*** RECORDS SHOWN Section Begins ***

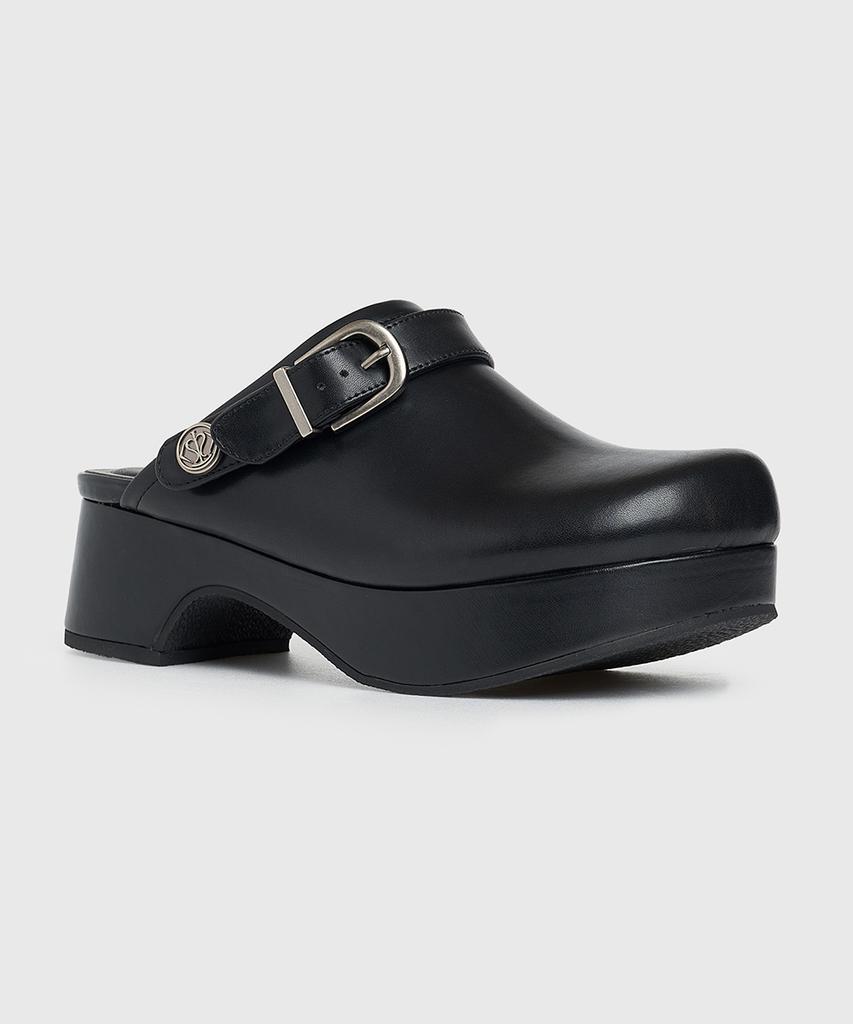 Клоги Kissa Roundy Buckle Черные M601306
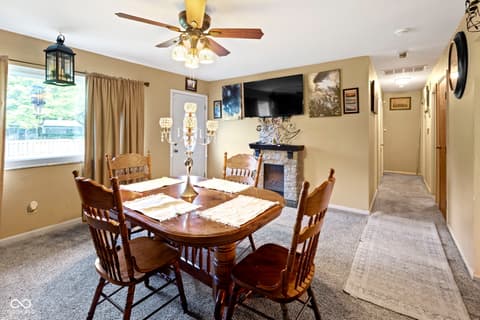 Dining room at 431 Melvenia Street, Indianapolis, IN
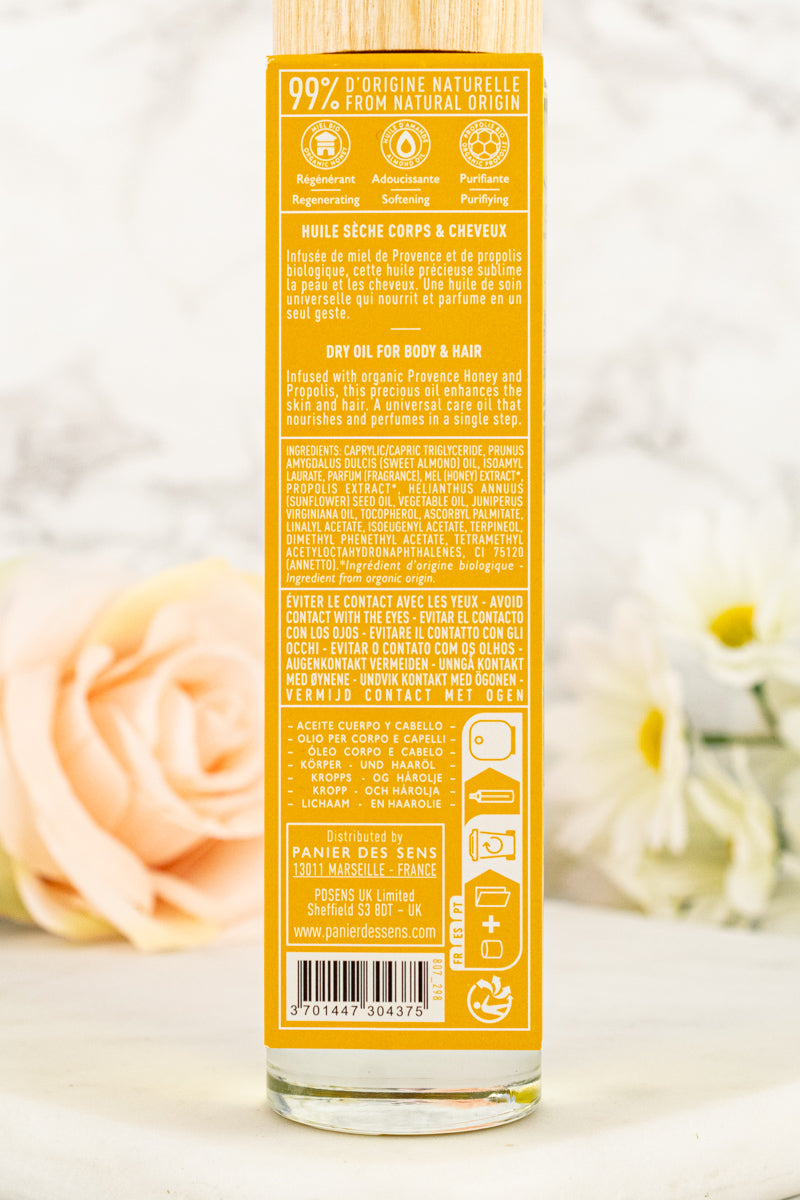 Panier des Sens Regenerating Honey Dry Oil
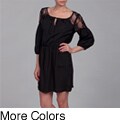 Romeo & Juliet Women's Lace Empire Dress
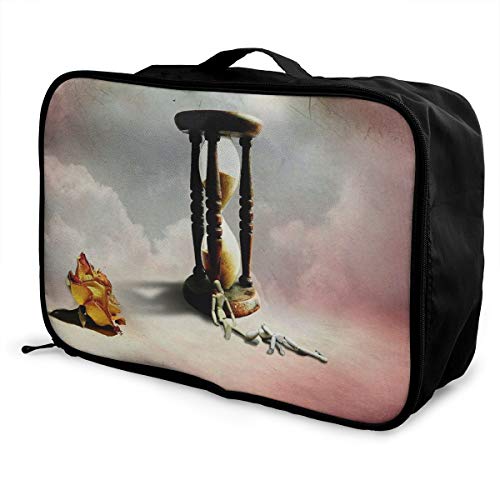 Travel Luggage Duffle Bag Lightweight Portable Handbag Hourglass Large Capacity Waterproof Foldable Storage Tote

*** RECORDS SHOWN Section Ends ***

* [TASK INSTRUCTIONS]: Please print the span that begins at the line holding "Dining room at" and ends at the last line of the data, both ends included, with no pictures.

* [WRITTEN RESPONSE]:
 Dining room at 431 Melvenia Street, Indianapolis, IN
 Panier des Sens Regenerating Honey Dry Oil
 Romeo & Juliet Women's Lace Empire Dress
 Travel Luggage Duffle Bag Lightweight Portable Handbag Hourglass Large Capacity Waterproof Foldable Storage Tote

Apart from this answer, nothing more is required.